Les opérateurs de mobilité présents actuellement sur la plateforme WienMobil avaient signé un partenariat historique avec le transporteur public WienerLinien. Les autres peuvent décider de rejoindre l’offre WienMobil (en échange de l’intégration de leurs services au sein de la plateforme ouverte) ou bien d’utiliser les données disponibles sur la plateforme (horaires, calcul d’itinéraire, réservation, billettique, tarification…) pour développer leur propre solution de MaaS. C’est le cas de MaaS Global qui propose son service Whim aux habitants de Vienne depuis octobre 2019.
Dans ce modèle semi-régulé, la collectivité est en mesure d’orienter l’action des opérateurs de MaaS, tout en les laissant libre de proposer de nouveaux services de mobilité. La maitrise d’ouvrage stratégique est assurée par l’AOM qui délègue la maitrise d’ouvrage opérationnelle à l’opérateur public.
Le modèle centralisé : le cas Hanovre (Allemagne) où seule la ville joue le rôle d’opérateur MaaS via le principal transporteur urbain Üstra
A Hanovre, la plateforme Mobility Shop est disponible via les applications mobiles de l’autorité organisatrice GVH et celle de l’exploitant des bus et tramways Üstra. Elle a un niveau d’intégration similaire à celui de WienMobil et reste peu utilisée, à cause d’un manque de communication auprès du grand public. La démarche MaaS est donc portée par l’autorité organisatrice GVH et l’exploitant principal des transports publics Üstra.
L’autorité organisatrice GVH a assuré le financement de l’application et de tout le système informatique (software, hardware, bases de données), à partir d’une plateforme existante, expliquant le faible coût d’investissement de départ. Elle a donné au transporteur Üstra l’accès complet à ses données pour qu’il puisse développer et opérer le service, qui in fine sert les politiques publiques de mobilité
Le principal transporteur public Üstra, en tant qu’opérateur du MaaS, a développé le service et se charge de convaincre les autres opérateurs de mobilité de rejoindre Mobility Shop.
Les opérateurs de mobilité souhaitant rejoindre Mobility Shop doivent obtenir l’accord des opérateurs déjà associés. En l’absence d’échanges financiers, les nouveaux venus s’engagent à récompenser les usagers réservant via l’application MaaS pour encourager l’usage. En échange, ils peuvent exploiter la base de données client centralisée.
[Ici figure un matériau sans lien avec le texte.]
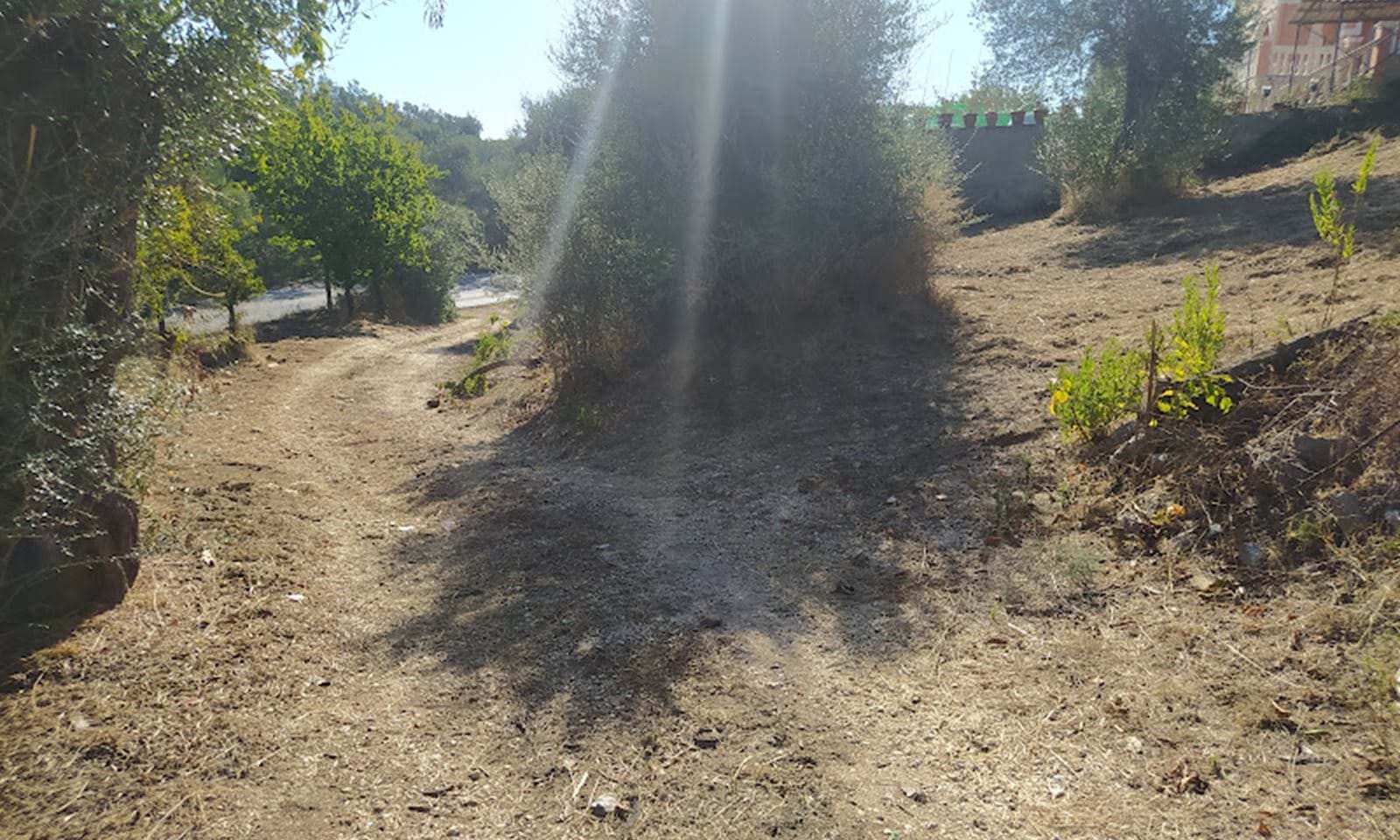 Listing photograph 6 of 6 of the land in Perithia, published by Corfu Home Finders.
Chaque opérateur est responsable de son offre et de la qualité de service offerte
Ce modèle de délégation est proche du modèle semi-régulé à la différence près qu’ici, l’opérateur de transport public apparait de façon visible comme l’assembleur des différentes mobilités proposées par les opérateurs partenaires.
Quel que soit le modèle, ces différentes mises en application de la mobilité servicielle à travers une application MaaS font état de l’émergence du rôle d’opérateur du MaaS. Qu’il soit incarné par l’Autorité Organisatrice des Mobilités, les transporteurs historiques ou les transporteurs privés, ce rôle nécessite de mettre en musique plusieurs compétences : la gestion des contrats et des partenariats, l’intégration technique et la gestion des front utilisateurs, le marketing et la gestion de la relation client, la distribution… Se posera alors la question de l’articulation – voire la répartition – des missions de l’opérateur MaaS avec celles des opérateurs de mobilités et des autorités organisatrices de la mobilité.